Problem statement
Output only the lines below that start at the line containing "Joseph Joseph Easy" and end at the line containing "ARKIV3 PSA graded front - Red", with both ends kept.

Task data
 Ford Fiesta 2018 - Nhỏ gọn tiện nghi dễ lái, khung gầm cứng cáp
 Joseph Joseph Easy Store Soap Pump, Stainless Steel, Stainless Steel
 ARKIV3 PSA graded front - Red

...

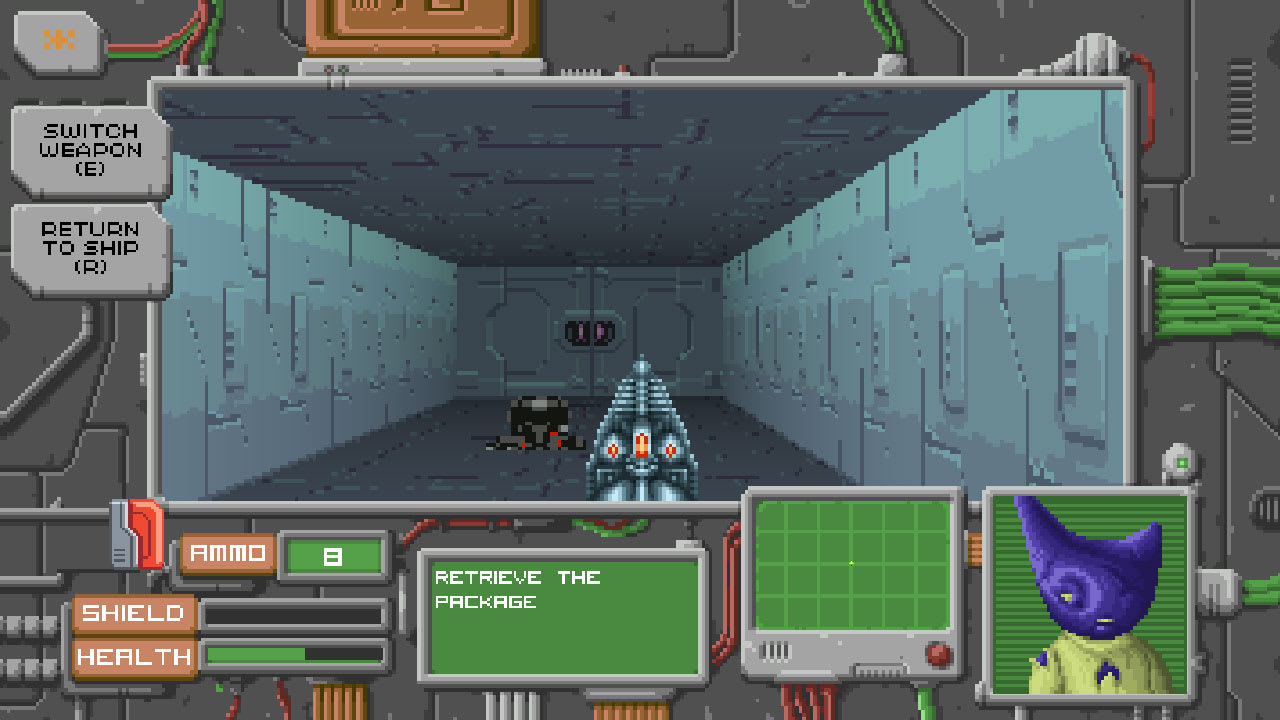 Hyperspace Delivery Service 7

--

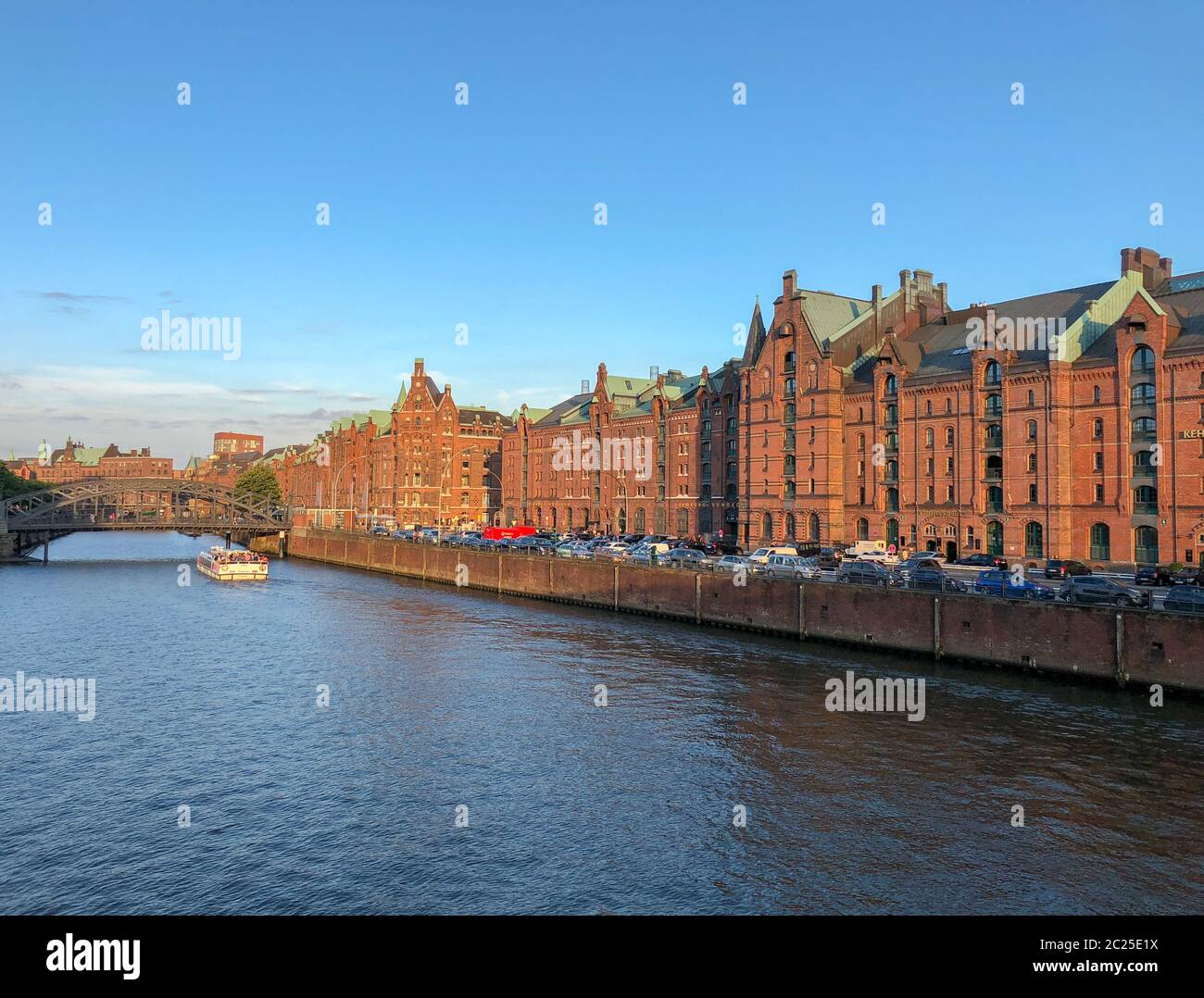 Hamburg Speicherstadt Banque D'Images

Answer box
 Joseph Joseph Easy Store Soap Pump, Stainless Steel, Stainless Steel
 ARKIV3 PSA graded front - Red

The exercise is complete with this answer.